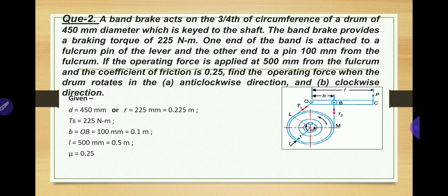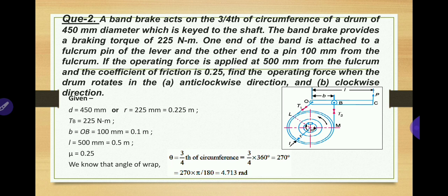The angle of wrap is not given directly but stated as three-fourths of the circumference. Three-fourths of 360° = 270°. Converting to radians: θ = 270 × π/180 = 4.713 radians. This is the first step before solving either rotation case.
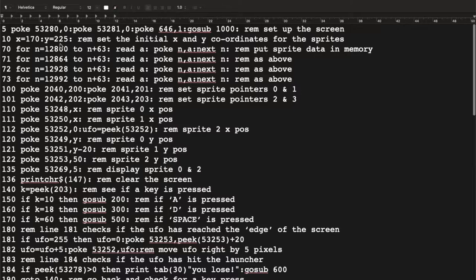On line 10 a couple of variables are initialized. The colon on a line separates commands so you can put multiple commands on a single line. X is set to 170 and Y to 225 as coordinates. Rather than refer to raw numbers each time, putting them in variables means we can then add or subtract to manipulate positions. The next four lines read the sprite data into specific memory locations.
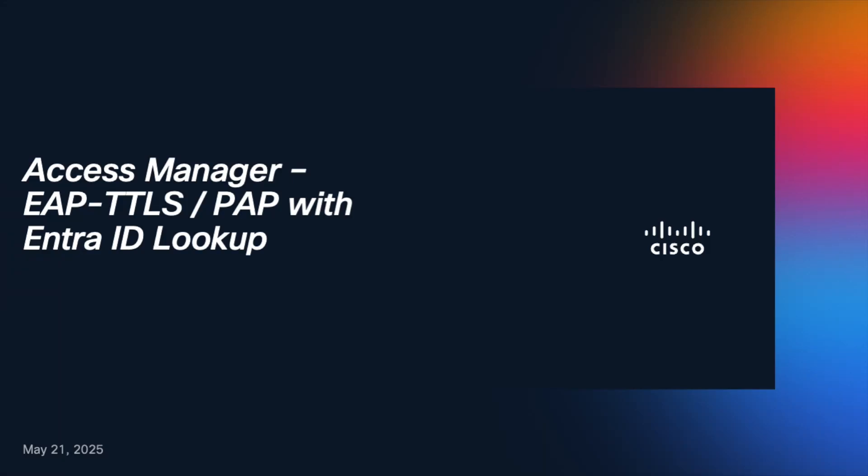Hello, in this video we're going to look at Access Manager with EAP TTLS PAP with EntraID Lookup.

---*---

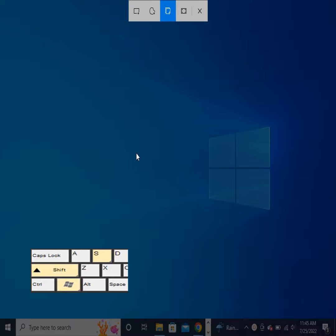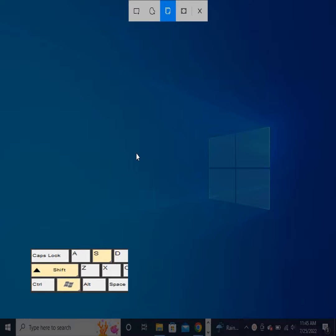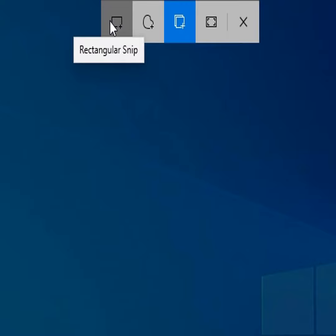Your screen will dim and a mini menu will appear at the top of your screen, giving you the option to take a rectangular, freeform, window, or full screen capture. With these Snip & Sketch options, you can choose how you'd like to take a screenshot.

---*---

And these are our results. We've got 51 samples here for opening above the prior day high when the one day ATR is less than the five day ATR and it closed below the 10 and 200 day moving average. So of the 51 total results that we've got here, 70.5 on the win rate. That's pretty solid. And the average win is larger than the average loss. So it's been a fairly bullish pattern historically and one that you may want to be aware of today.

---*---

WHAT THIS TASK INVOLVES: Repeat, without pictures, exactly the lines of the data above from the one containing "The angle of" through the one containing "Hello, in this", including both and adding nothing.

WORKED SOLUTION:
The angle of wrap is not given directly but stated as three-fourths of the circumference. Three-fourths of 360° = 270°. Converting to radians: θ = 270 × π/180 = 4.713 radians. This is the first step before solving either rotation case.
On line 10 a couple of variables are initialized. The colon on a line separates commands so you can put multiple commands on a single line. X is set to 170 and Y to 225 as coordinates. Rather than refer to raw numbers each time, putting them in variables means we can then add or subtract to manipulate positions. The next four lines read the sprite data into specific memory locations.
Hello, in this video we're going to look at Access Manager with EAP TTLS PAP with EntraID Lookup.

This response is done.